Change Background Color

We made that text color white but the background is white so you can’t see it anymore. Now we need to change the background color to this dark grey #333 color. What we’re looking for is the .sub-menu a background color. So we’ll come down here to .nav-secondary .sub-menu a and this is where we’re going to add the background color #333.

Note that if don’t spell it right it tells you. This has error checking essentially so if you’ve got an error in here some place you’re going to see that in the coloration.

Change Border Color

Let’s refresh this now and we’ve got that background color but we also have border problems to address. If we look at this one, it’s got a nice darker border which is the color #222. I already know that but you can see that here border-color:#222.

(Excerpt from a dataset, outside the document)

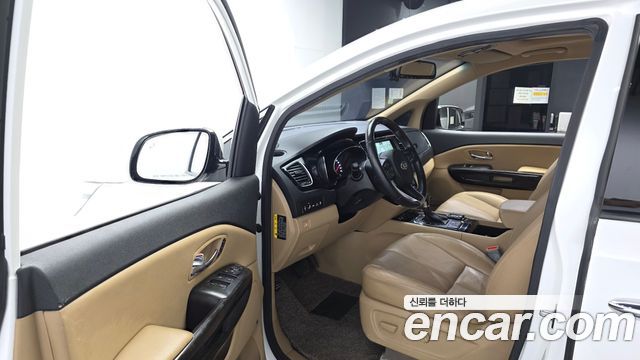 Kia Canival 2018 — photo 13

This is on .nav-primary .sub-menu a. Essentially we want to find corollary to that which is actually where we want to put a border color. So, border-color and that worked everywhere except for the top of the submenu and so we need to come down here to this without the link. It’s no a and then all we need is border color and it’s border-top-color. Save that, refresh this and it’s working.

Remove Extraneous Code

The other thing I want to do is get rid of extraneous code they have that doesn’t apply to anything. If you look down here they’ve got this .nav-secondary .sticky-right and @media only screen .sticky-right stuff. Let’s get rid of that.

I tried to figure out what on earth they meant by that, couldn’t figure it out and just decided that we’d just throw that away. There’s no reason to have code in here that doesn’t mean anything. Let’s save our Custom CSS and refresh this. It goes away at the top but when you scroll down it comes back.